Forty years on from John Carpenter’s classic slasher film, David Gordon Green’s latest reanimation of the title is functional but enjoyable

It’s Halloween 2018 in Haddonfield, Illinois, and the time-honoured festivities are in full swing. At the start of the second episode of the revived franchise there’s already a body impaled on railings, and a cop (Will Patton) gushing blood on the ground. Laurie Strode (Jamie Lee Curtis) – horror cinema’s original Final Girl, now Final Grandmother – is being rushed to hospital, and her house is in flames. But indestructible killer Michael Myers has decided to make a night of it, and is out there armed with a firefighter’s axe, axing firefighters.

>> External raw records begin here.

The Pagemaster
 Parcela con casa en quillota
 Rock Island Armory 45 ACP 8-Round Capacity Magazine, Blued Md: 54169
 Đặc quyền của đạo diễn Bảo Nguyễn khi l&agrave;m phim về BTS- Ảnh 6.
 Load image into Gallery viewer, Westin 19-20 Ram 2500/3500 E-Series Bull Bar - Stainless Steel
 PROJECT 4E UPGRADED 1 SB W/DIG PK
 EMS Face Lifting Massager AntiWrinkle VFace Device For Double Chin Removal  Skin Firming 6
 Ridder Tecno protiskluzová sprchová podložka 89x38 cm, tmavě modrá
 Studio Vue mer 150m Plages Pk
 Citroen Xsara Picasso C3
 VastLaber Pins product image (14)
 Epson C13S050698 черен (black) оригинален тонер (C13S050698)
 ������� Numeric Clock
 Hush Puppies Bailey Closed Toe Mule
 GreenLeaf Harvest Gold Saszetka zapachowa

Forty years after John Carpenter made the defining slasher movie, director David Gordon Green has made a creditable stab, as it were, at reanimating the title. Green is an occasional indie auteur (George Washington, Prince Avalanche) who leads a double life as a mainstream stalwart, and showed in his 2018 Halloween reboot that he’s more than competent at straight genre thrills. Writing again with Danny McBride, here joined by Scott Teems, Green offers a functional but enjoyably efficient follow-up. It kicks in only minutes after the events of the previous episode, and pretty much follows a straight line, apart from brief flashbacks to 1978, with even a passable Donald Pleasence lookalike on hand to lend authenticity.